#### [Records for this task]
━━━━━━━━━━
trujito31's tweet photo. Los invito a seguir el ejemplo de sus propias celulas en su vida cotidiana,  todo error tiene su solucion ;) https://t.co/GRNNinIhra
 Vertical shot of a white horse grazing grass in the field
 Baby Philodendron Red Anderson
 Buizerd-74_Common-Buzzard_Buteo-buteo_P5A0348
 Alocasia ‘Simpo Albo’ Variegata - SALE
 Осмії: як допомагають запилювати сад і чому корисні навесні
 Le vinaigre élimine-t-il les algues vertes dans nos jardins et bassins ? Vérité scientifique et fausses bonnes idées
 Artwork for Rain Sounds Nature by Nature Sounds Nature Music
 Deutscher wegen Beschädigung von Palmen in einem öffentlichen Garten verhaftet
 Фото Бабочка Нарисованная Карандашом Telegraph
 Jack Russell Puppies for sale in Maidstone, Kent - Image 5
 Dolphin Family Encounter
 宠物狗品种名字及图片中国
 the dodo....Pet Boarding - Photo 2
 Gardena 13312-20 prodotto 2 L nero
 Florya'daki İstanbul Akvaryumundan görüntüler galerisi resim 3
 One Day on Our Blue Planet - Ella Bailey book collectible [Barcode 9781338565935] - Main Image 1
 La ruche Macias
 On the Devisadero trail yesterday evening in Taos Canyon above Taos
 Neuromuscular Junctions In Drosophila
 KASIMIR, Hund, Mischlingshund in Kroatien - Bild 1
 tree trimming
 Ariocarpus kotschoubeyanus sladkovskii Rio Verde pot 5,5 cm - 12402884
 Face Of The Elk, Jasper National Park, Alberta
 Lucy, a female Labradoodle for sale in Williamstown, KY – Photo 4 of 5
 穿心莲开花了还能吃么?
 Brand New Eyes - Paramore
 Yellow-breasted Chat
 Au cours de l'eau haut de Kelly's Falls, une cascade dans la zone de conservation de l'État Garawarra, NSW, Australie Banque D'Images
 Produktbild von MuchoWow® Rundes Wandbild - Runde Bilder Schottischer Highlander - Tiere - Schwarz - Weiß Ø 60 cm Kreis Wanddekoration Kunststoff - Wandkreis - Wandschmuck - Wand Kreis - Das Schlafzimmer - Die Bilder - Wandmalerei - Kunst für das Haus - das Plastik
━━━━━━━━━━
#### [What you will do]
Nothing outside this range should appear: the lines from the start of the listing through the line with "Осмії: як допомагають", each reproduced exactly, both ends included.

#### [Solution to this problem]
trujito31's tweet photo. Los invito a seguir el ejemplo de sus propias celulas en su vida cotidiana,  todo error tiene su solucion ;) https://t.co/GRNNinIhra
 Vertical shot of a white horse grazing grass in the field
 Baby Philodendron Red Anderson
 Buizerd-74_Common-Buzzard_Buteo-buteo_P5A0348
 Alocasia ‘Simpo Albo’ Variegata - SALE
 Осмії: як допомагають запилювати сад і чому корисні навесні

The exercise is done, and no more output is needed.